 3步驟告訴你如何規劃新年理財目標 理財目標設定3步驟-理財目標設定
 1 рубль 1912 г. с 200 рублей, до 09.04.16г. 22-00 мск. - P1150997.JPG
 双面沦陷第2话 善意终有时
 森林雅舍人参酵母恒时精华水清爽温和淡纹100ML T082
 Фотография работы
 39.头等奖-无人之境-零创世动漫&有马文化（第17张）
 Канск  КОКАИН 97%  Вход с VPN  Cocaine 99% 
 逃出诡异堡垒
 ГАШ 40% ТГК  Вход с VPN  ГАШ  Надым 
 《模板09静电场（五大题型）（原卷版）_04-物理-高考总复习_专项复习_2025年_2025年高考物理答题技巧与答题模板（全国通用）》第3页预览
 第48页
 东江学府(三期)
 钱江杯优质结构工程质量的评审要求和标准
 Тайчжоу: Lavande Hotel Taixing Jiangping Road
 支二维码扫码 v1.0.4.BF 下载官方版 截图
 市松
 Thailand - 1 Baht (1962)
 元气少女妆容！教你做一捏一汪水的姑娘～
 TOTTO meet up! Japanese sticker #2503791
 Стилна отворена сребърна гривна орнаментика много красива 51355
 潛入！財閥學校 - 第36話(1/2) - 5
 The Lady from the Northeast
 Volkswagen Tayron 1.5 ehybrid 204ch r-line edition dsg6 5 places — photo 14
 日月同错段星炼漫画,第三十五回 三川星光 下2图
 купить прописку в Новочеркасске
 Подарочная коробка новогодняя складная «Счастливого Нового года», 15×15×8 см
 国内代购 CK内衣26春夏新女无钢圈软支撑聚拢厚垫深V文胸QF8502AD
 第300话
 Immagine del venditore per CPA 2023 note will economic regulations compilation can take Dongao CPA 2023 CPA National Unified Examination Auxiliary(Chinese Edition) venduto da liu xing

______

Work request:
Output the listing above exactly as it appears.

Reply:
 3步驟告訴你如何規劃新年理財目標 理財目標設定3步驟-理財目標設定
 1 рубль 1912 г. с 200 рублей, до 09.04.16г. 22-00 мск. - P1150997.JPG
 双面沦陷第2话 善意终有时
 森林雅舍人参酵母恒时精华水清爽温和淡纹100ML T082
 Фотография работы
 39.头等奖-无人之境-零创世动漫&有马文化（第17张）
 Канск  КОКАИН 97%  Вход с VPN  Cocaine 99% 
 逃出诡异堡垒
 ГАШ 40% ТГК  Вход с VPN  ГАШ  Надым 
 《模板09静电场（五大题型）（原卷版）_04-物理-高考总复习_专项复习_2025年_2025年高考物理答题技巧与答题模板（全国通用）》第3页预览
 第48页
 东江学府(三期)
 钱江杯优质结构工程质量的评审要求和标准
 Тайчжоу: Lavande Hotel Taixing Jiangping Road
 支二维码扫码 v1.0.4.BF 下载官方版 截图
 市松
 Thailand - 1 Baht (1962)
 元气少女妆容！教你做一捏一汪水的姑娘～
 TOTTO meet up! Japanese sticker #2503791
 Стилна отворена сребърна гривна орнаментика много красива 51355
 潛入！財閥學校 - 第36話(1/2) - 5
 The Lady from the Northeast
 Volkswagen Tayron 1.5 ehybrid 204ch r-line edition dsg6 5 places — photo 14
 日月同错段星炼漫画,第三十五回 三川星光 下2图
 купить прописку в Новочеркасске
 Подарочная коробка новогодняя складная «Счастливого Нового года», 15×15×8 см
 国内代购 CK内衣26春夏新女无钢圈软支撑聚拢厚垫深V文胸QF8502AD
 第300话
 Immagine del venditore per CPA 2023 note will economic regulations compilation can take Dongao CPA 2023 CPA National Unified Examination Auxiliary(Chinese Edition) venduto da liu xing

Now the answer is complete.